Growing opposition to the Iranian capitalist rulers’ enforcement of restrictive dress codes for women has led to protests across the country, with women photographing themselves taking off their chador, or veil, in public. The press in the U.S. — from the left to right of bourgeois politics — have systematically pushed the false idea that the regime’s reactionary policies in Iran are the result of the massive popular uprising in 1979 that overthrew the dictatorial rule of the U.S.-backed shah, rather than a counterrevolutionary reversal.
Women’s rights widely expanded as part of that revolutionary upsurge. These gains were then attacked and restricted as the clerical regime pushed workers back and consolidated its counterrevolutionary rule in the early 1980s.
In response to growing opposition to their strictures on women, Brig. Gen. Hussein Rahimi, commander of Tehran’s police, announced Dec. 27 the city’s morality police would no longer automatically imprison women who refused to wear the hijab. They would be pushed to undergo “counseling.”

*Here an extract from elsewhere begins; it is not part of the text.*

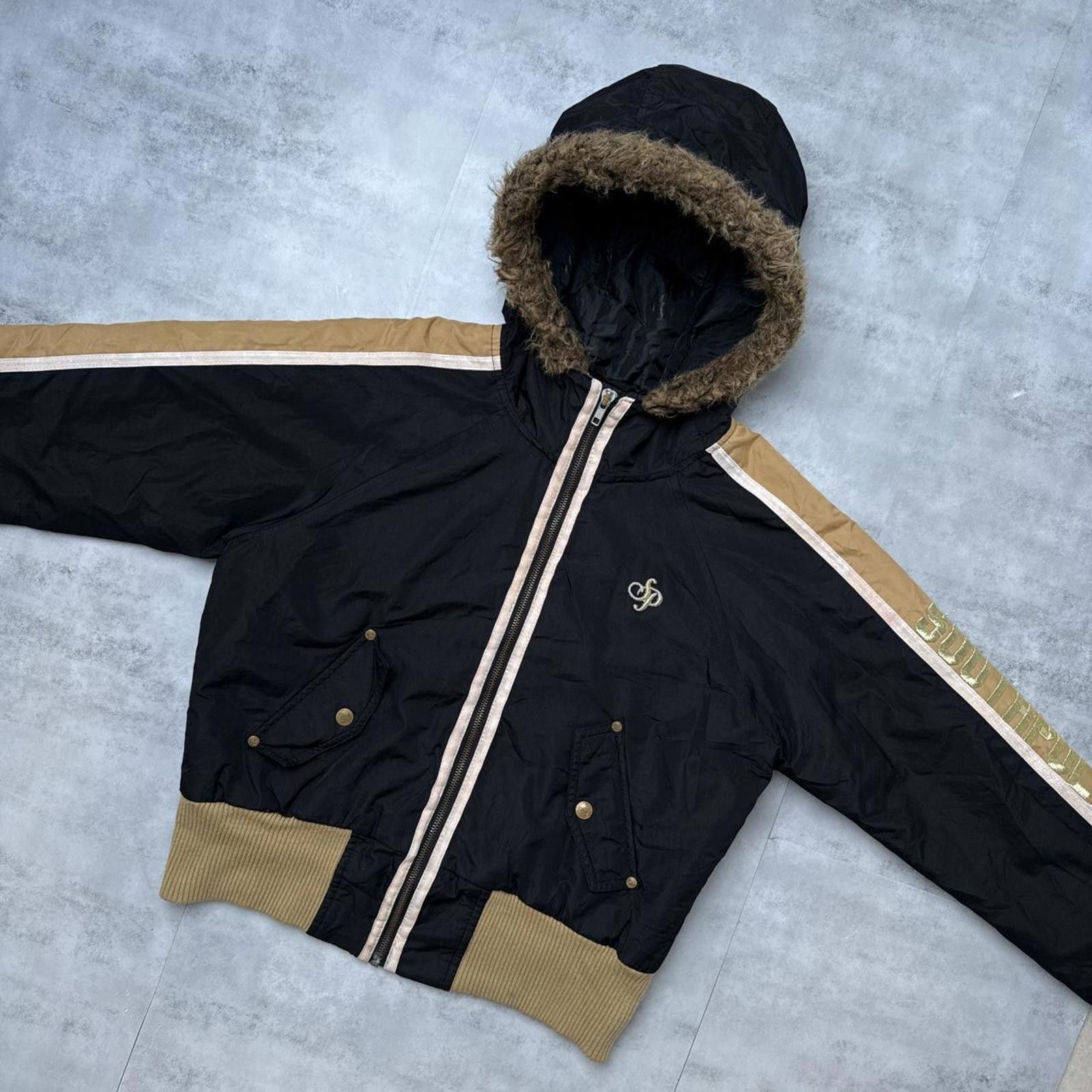 Southpole Y2K Southpole Black Puffy 00s Zip Up Fur Hooded Jacket Size M / US 6-8 / IT 42-44 - 4 Thumbnail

Since then press reports say dozens of women have defied authorities around the country by removing their hijabs in public. The protests came as working-class mobilizations broke out across the country against the regime’s wars in Syria, Iraq and Yemen and their effects on working people.

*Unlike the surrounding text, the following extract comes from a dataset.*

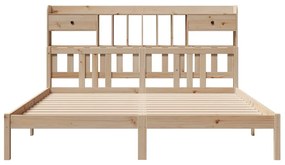 Cama com estante sem colchão 180x200 cm pinho maciço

A Feb. 4 New York Times article headlined “Compulsory Veils? Half of Iranians Say No to Pillar of Revolution,” claimed that “the law regarding the scarf has been enforced since the 1979 Islamic Revolution.”

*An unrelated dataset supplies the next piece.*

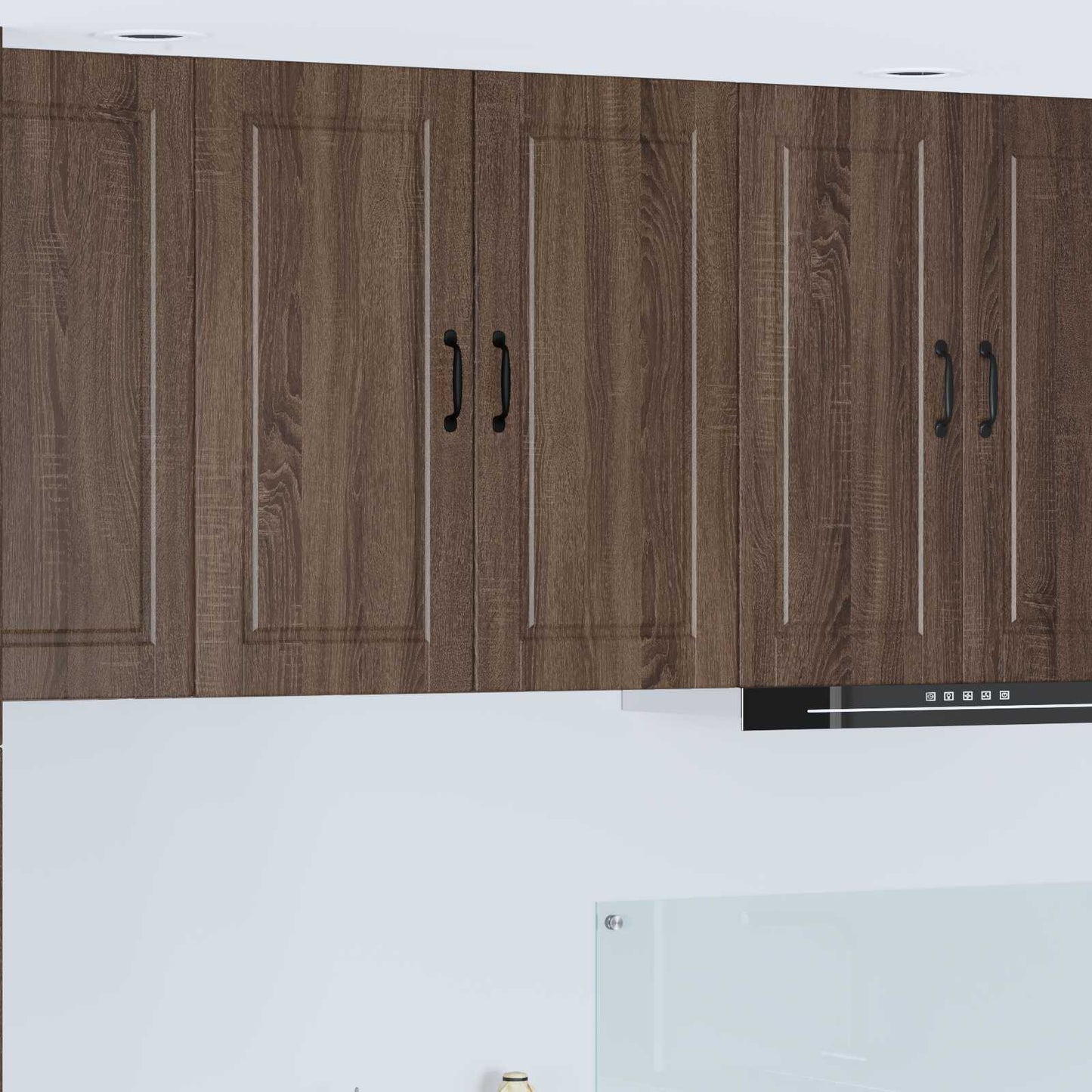 Wandschrank PORTO Braun Eichen-Optik 80 x 31 x 80 cm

This is a lie. The mass revolutionary upsurge in 1979 was led by millions of working people, men and women, with or without hijabs. They fought for workers control in the factories, joined peasant struggles for land and demonstrated outside the U.S. Embassy.
The revolution opened political space to press forward the fight for women’s participation in all aspects of social and political life. Women stood for office in the shoras — factory committees — that fought to expand workers control of production. They demanded military training and to be able to participate in the war against the U.S.-backed Iraqi invasion of Iran in 1980.
When Ayatollah Ruhollah Khomeini announced March 7, 1979, that women government workers must “be clothed according to Islamic standards,” and wear the veil at work, the following day the world’s largest International Women’s Day march that year took place in Tehran. Thousands of high school students went on strike. When rightist thugs attacked some demonstrators, larger protest actions were organized, joined by many women wearing veils. On March 12, some 15,000 people marched in Tehran demanding, “To deny women freedom is to deny freedom to the rest of society.”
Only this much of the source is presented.